Monday, February 7, 2011

Mother Mary

I felt completely helpless that second night after Giovanni's surgery. As I held him and looked at his sweet face, I knew everything that could be done, had been done. There was nothing else but to breathe and pray, moment to excruciating moment. My heart was broken for my son and all that he had endured and would have to continue to endure, and I had no idea what would happen next.

The screams of the grieving mother in the hospital courtyard earlier in the day continued to haunt me. I couldn't imagine her pain; I didn't want to. I wept for her. I felt no pride in that my son was still alive. Instead, a deep, humbling knowledge of the frailty of life pierced my mind, and the anguish of it crushed my heart.

I knew I was unworthy, but I begged Him for my son's life. I confessed every fear to Him, every sin, every failing, and I pleaded with Him to have mercy. And then the crucifixion came to my mind.

I saw Jesus, my innocent Savior, hanging on the rough wood, tortured and in agony, blood seeping from his many wounds. I saw the nails in His hands and feet which were so bruised and torn. I saw the crown of thorns, digging into his skull. I saw His face. Then I saw His Mother below Him, weeping.

I remembered that He was once a chubby baby boy, with soft pudgy hands and tender little toes. I thought of His Mother kissing His infant face, rocking Him, and nursing Him. She loved Him every bit as much as I loved my son, perhaps she loved Him even more. I couldn't imagine the horror that she must have felt watching her baby boy being so abused and so hated when He had done nothing wrong.
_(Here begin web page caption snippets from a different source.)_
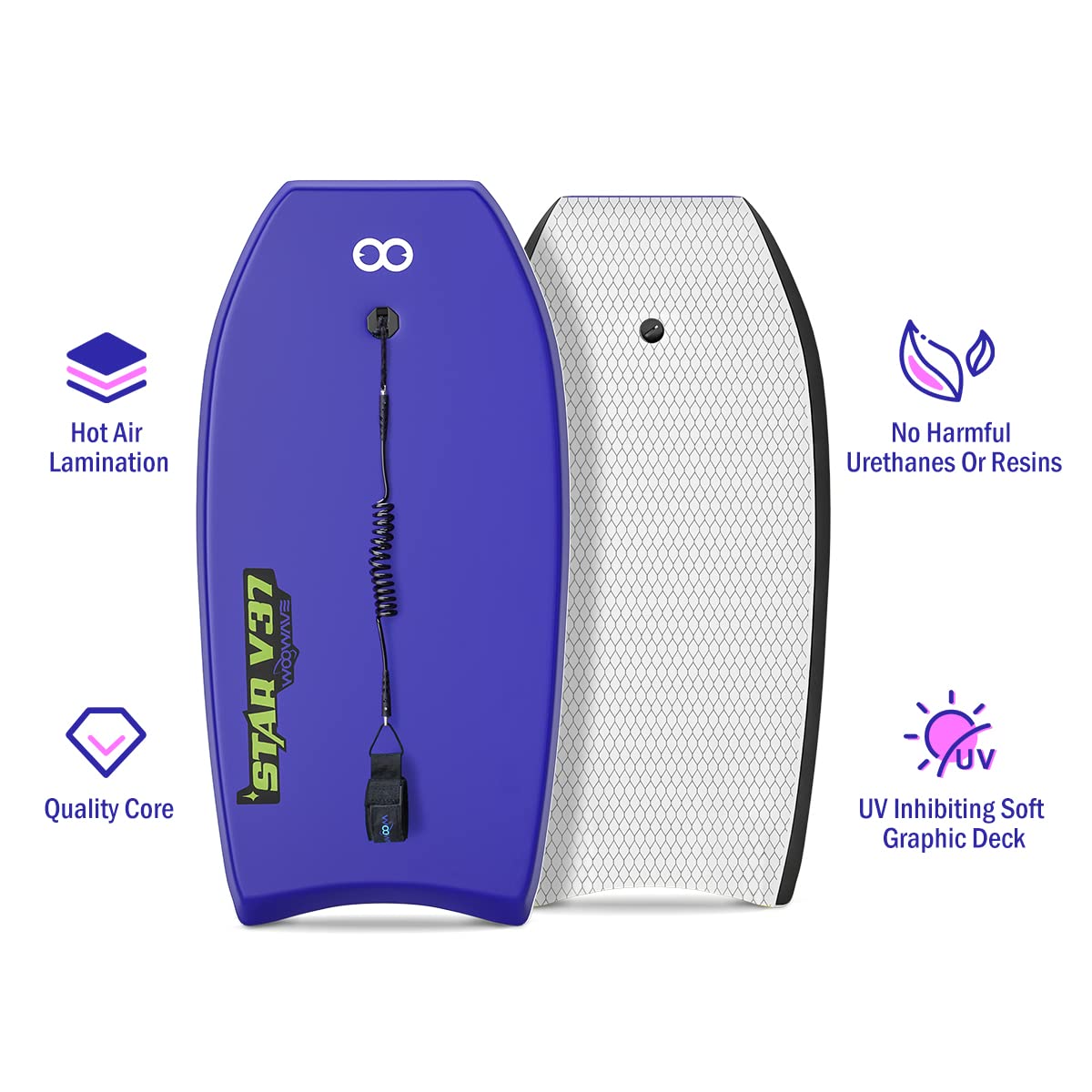33 Inch IXPE Soft Surfboard Bodyboard for Kids Surf Leash and Customize Surfing Board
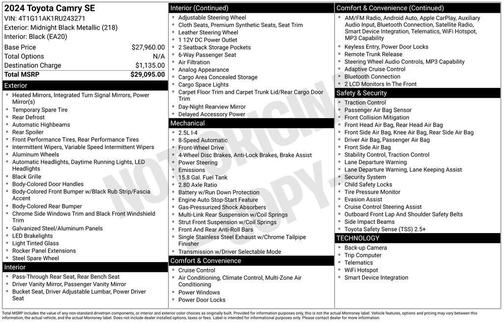 Midnight Black Metallic 2024 Toyota Camry SE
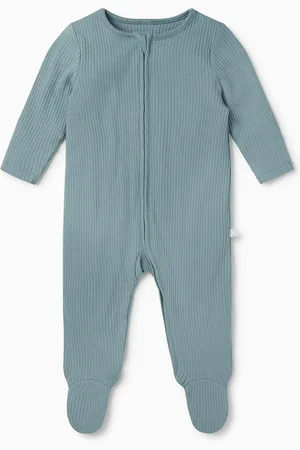 Mori Økologisk Bomuld & Bambus Ribbet Zip Up Sparkedragt10 - 18 måneder (76 - 86cm)
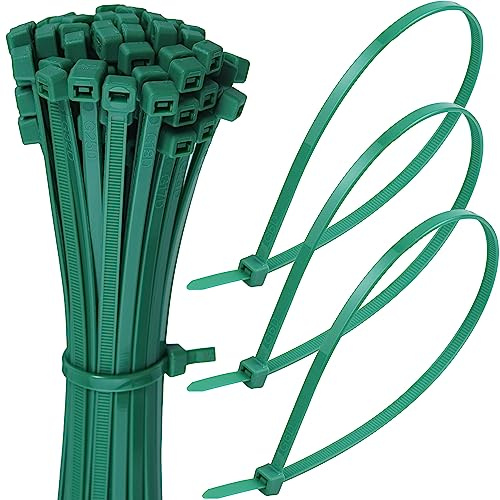 300 mm Green Cable Ties – Pack of 100, 12 Zip Ties/Tie Wraps, Nylon, 22 kg Tensile Strength, Self-Locking – Just Cable Ties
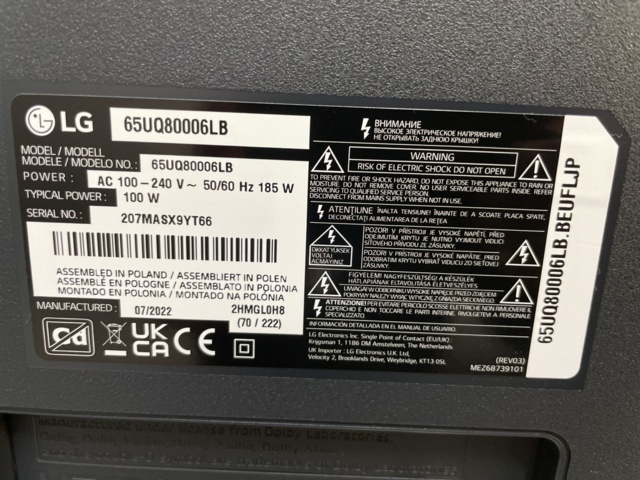 1116399-8 LG 65” Screen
Her faithfulness in all her pain gave me strength to finally tell God that He could take my son, if He needed to. I told Him that if Giovanni died, I would scream and be wretched, but I needed God too much to leave Him. I begged Him to keep me from sinning against Him, to help me be faithful, no matter what happened next. I confessed my ignorance and insufficiency. I could demand nothing of Him because He had given me so much. Even if He took my son, He was still so much greater than anything my mind could hold.

His Mother's face and the agony she felt in her innocent heart weighed in on me, again. So with all the boldness of a desperate mother, I prayed, "You can have my son, but please Jesus, remember Your Mother's heart and how much pain she felt when she watched You suffer."

I shuddered and wept a little more, but then this magnificent peace broke through. Fear and worry slipped away, and all I felt was His love. There were no inklings that Giovanni would be okay, I only knew God loved us. And a sweet sleep, for the first time since we arrived at the hospital, came over my little boy and me.